At query time, the query vector \(q\) is compared with the centroids, and only the closest clusters are selected. The vectors inside these selected clusters become the candidate set. The exact distances between \(q\) and the candidate vectors are then computed, and the \(k\) nearest neighbors are returned, typically maintaining the current best results using a heap.

The trade-off is controlled by the number of clusters searched. Searching more clusters improves recall but increases latency, while searching fewer clusters improves speed but may miss relevant neighbors.

So, there are basically two parameters, nlist is the number of centroids or clusters, and nprobe, the number of regions that are visited at query time.

IVFQ

IVFPQ [10] combines inverted file indexing with product quantization, or PQ, to reduce memory and storage requirements.



As in IVFFlat, a coarse quantizer is first trained, using \(k\)-means, to partition the vector space into clusters. Each database vector is assigned to one of these coarse clusters. However, instead of storing the full vector, IVFPQ compresses each vector using Product Quantization or PQ.

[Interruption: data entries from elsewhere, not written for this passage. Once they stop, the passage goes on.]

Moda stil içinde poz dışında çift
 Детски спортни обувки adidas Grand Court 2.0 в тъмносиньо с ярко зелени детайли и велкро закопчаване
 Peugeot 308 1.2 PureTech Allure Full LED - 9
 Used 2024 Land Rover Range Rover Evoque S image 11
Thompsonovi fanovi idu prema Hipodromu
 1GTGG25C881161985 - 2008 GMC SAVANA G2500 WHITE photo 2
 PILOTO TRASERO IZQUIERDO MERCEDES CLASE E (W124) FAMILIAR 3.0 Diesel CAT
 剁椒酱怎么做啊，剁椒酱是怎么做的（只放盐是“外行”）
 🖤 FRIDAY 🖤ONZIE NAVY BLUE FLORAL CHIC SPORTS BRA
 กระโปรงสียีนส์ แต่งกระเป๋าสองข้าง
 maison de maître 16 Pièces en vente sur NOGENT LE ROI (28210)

In PQ, each vector is split into multiple subvectors. For each subvector space, \(k\)-means is applied separately to learn a set of subcentroids, also called a subcodebook. Each subvector is then represented by the identifier of its nearest subcentroid. Therefore, what is stored in the index is not the full floating-point vector, but a compact code made of subcentroid identifiers.



At query time, the coarse quantizer is first used to select the most relevant clusters. Then, distances between the query and the PQ-encoded candidate vectors are approximated using the learned codebooks thereby trading some approximation error for speed and efficiency.

For more implementation details, see my technical notes.

Graph-based (HNSW)

HNSW[11], or Hierarchical Navigable Small World graphs, is very different from IVF-based methods. Instead of partitioning the vector space into clusters, HNSW represents vectors as nodes in a graph.



More specifically, HNSW builds a multi-layer graph. During indexing, each inserted vector is assigned a maximum layer. Higher layers are sampled with exponentially decreasing probability, meaning that only a small number of points appear in the top layers. These upper layers contain fewer nodes and provide long-range connections, while the lower layers are denser and contain more local neighborhood information.

When a new vector is inserted, the algorithm starts from an entry point in the highest available layer and performs greedy search to find good neighbors. The new node is then connected to selected neighboring nodes layer by layer, down to the base layer.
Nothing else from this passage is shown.